For a team with few glaring weaknesses, 49ers are hard to peg in mock drafts going into Thursday's first round.

You have to feel a bit sorry for those folks who put together mock drafts when it comes to the San Francisco 49ers this week.

First, San Francisco doesn’t pick until the 30th slot of the first round. A lot can happen before General Manager Trent Baalke makes his move Thursday night in Round 1 of the NFL selection process.

And second, how does an outsider accurately peg what the Niners will do when they have no glaring weaknesses and just one hole in the starting lineup?

Though Baalke said last week he’s excited because he’s targeted a player whom he believes will be available with choice No. 30, chances are he has a Plan B, a Plan C and a Plan D – or maybe he was just blowing smoke with a bogus Plan A.

The 49ers do have some needs, but none absolutely, positively must be addressed with an impact player in the bottom half of Round 1 Thursday night. The starting right guard spot is vacant; another wide receiver would be good; a team can never have too many good players in its secondary; and depth along the offensive and defensive lines would be helpful.

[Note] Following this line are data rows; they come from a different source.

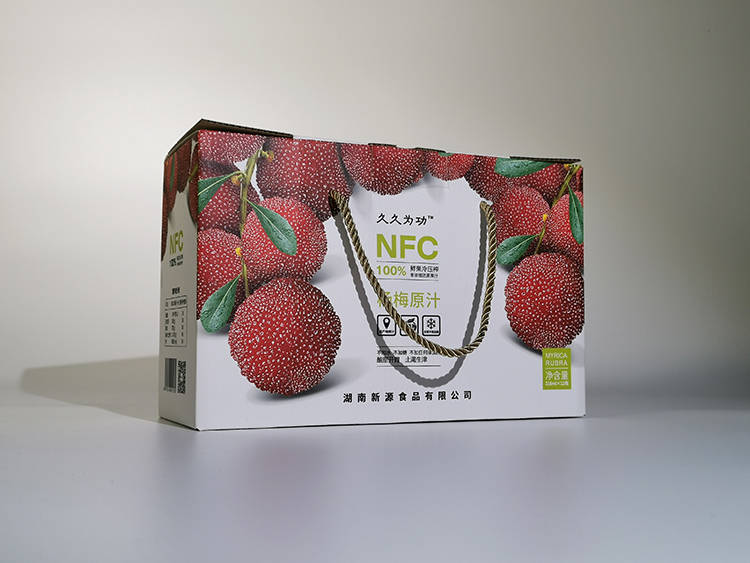 杨梅汁包装盒2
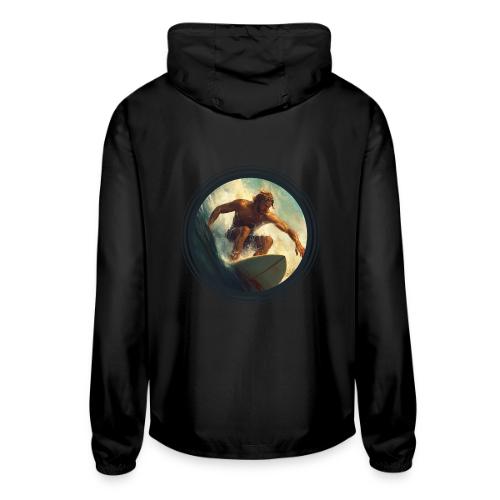 Surfing Rush - Unisex Lightweight Windbreaker Jacket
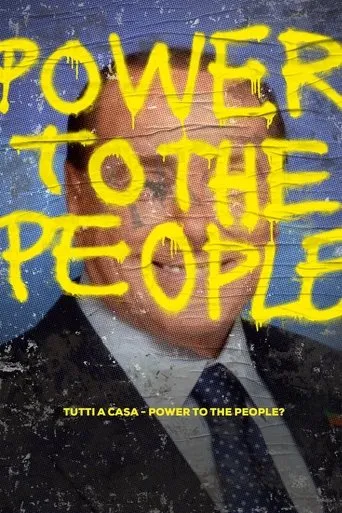 Póster de Tutti a casa - Al magt til folket?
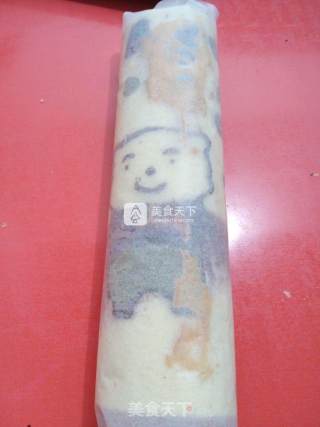 Bear Cake Roll recipe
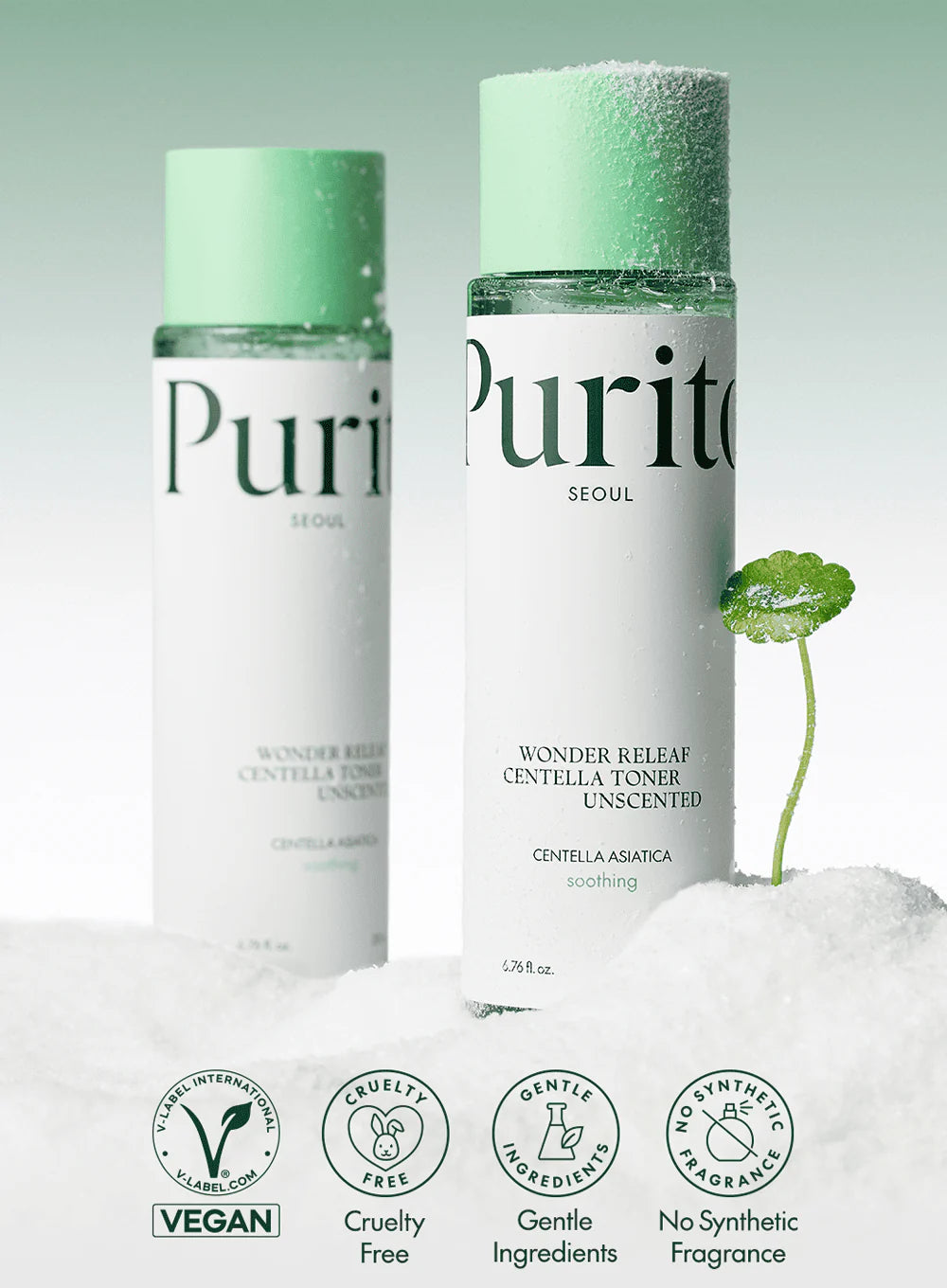 Purito SEOUL - Wonder Releaf Centella Toner Unscented 200ml-thekimyoung.com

But, as Phil Barber of the Santa Rosa Press Democrat noted in a story over the weekend, who do you draft for a team that has everything?

San Francisco has seven picks in the draft – one in every round – so it obviously will draft seven new prospects (unless there is a trade). But the roster is loaded. Of the team’s 18 drafted players since 2010, 15 are still on the roster, reports Eric Branch of the San Francisco Chronicle, so the roster needs “only mild massaging” he writes, not a full-scale makeover.

“We like our roster,” Baalke told the Press Democrat. “But we also believe that there’s a lot of work to be done.”

So what does it all mean?

It means expect the unexpected come Thursday night. Expect a bold trade up (or down). Expect the selection of an outstanding player at a position at which the 49ers already are stocked – tight end, running back, linebacker, quarterback, the secondary.

Don’t expect that just because the 49ers have a spot at right guard that Baalke will use his primary draft card to fill it, when that need might be well addressed in a later round.

If the Niners do happen to pick a player for a perceived need – right guard or wide receiver – it will probably be just happenstance: that the best player available on the draft board, in Baalke’s opinion, just happens to play one of those positions.

Otherwise, Thursday is wild-card night.

It’s almost impossible to know which card he’s going to pluck from the deck.